Braille without Borders

“Before the opening of the Project, blind children in the Tibet Autonomous Region did not have access to education. They led a life on the margin of society with few chances of integration. According to official statistics 30.000 of the 2.5 million inhabitants of the T.A.R. are blind or highly visually impaired.”
— Braille Without Borders

Braille Matters

“Despite the link between braille literacy and employment, braille literacy rates for school-age blind children have declined from greater than 50 percent (40 years ago) to only 12 percent today. Part of the reason for this decline can be attributed to the mainstreaming of blind students into the public school system, where significantly less time is available for learning braille. Another factor is that many people believed that talking computers would replace the need to learn braille. However, listening alone is not enough.
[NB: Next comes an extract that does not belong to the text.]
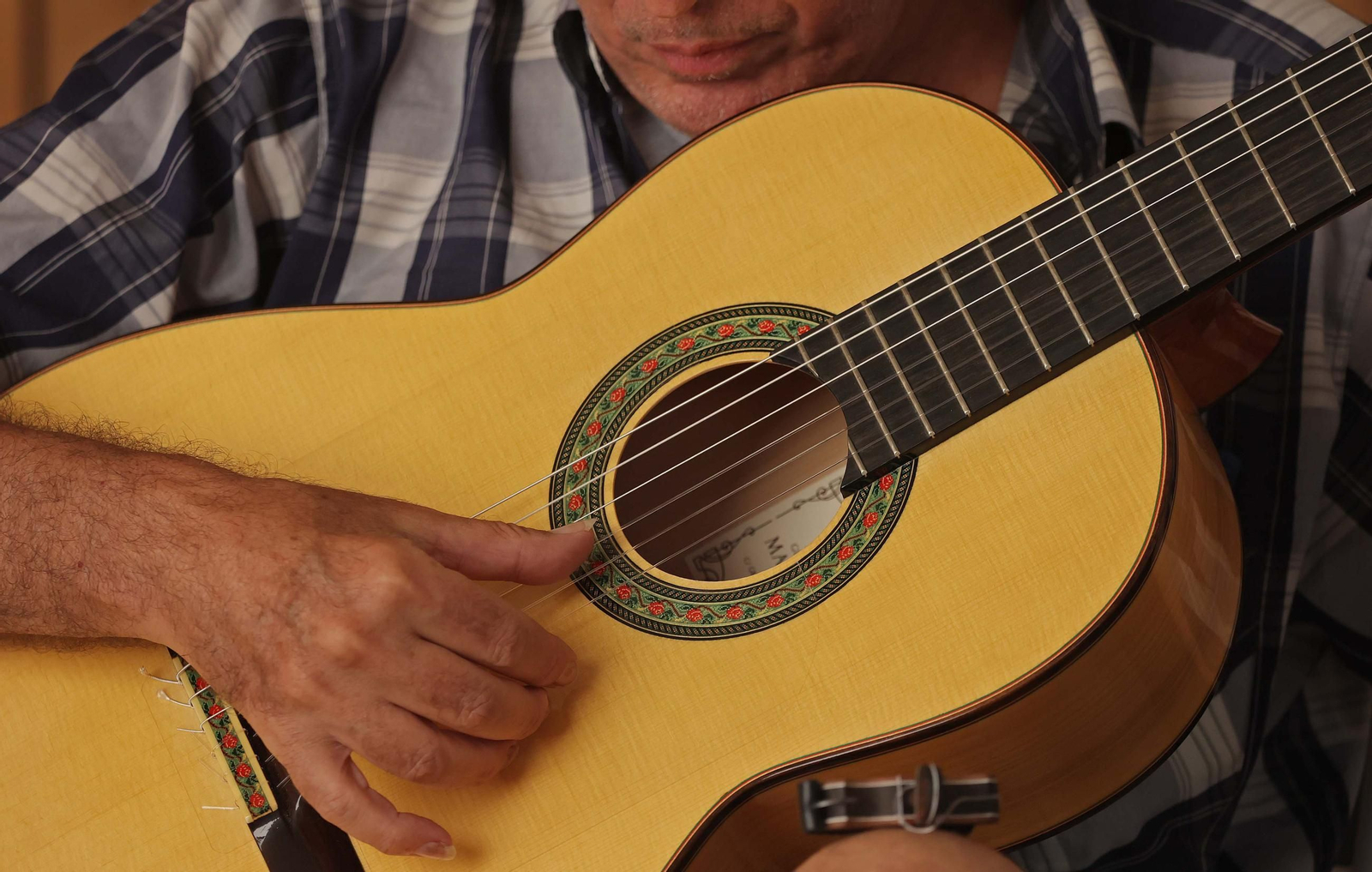 Fotos del encuentro de maestros Luthiers en el centro de interpretación Paco de Lucía de Algeciras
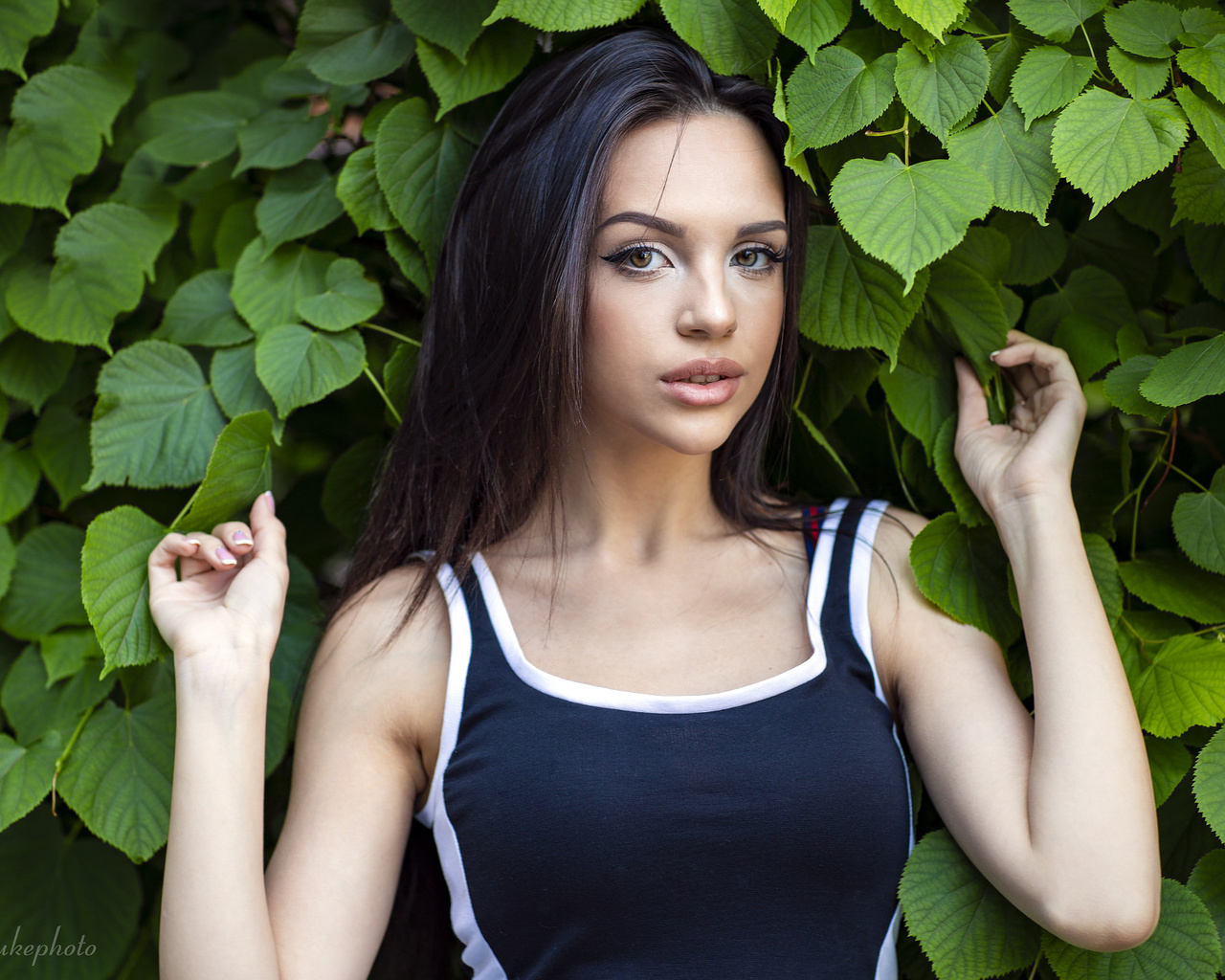 women, portrait, face, eyeliner, juicy lips, ruslan duke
Research shows that braille provides a critical advantage for students to learn grammar, language, math, and science.”
— National Braille Press

World Braille Usage


“World Braille Usage was first published in 1953, and the second edition followed in 1990. The latest 2013 edition is available in a downloadable format as a PDF. ”
— Perkins

“Braille, as the world’s pre-eminent system of touch reading and writing used by people who are blind, continues to be a vital tool of literacy. Allowing immediate and direct access to written communication, braille has broadened from a method for reading embossed books to a multimodal tool encompassing a myriad of uses, from braille signage and product labeling to refreshable braille displays. As a tool for writing, it also allows a person who is blind to easily record accurate information and access that information quickly for later use.”
— World Braille Usage report

Louis Braille developed the system in 1821, as you can see from the collection of information in this post. The Braille system is critical for education for the blind even after different methods of text to speech technologies have been invented in our computerized society.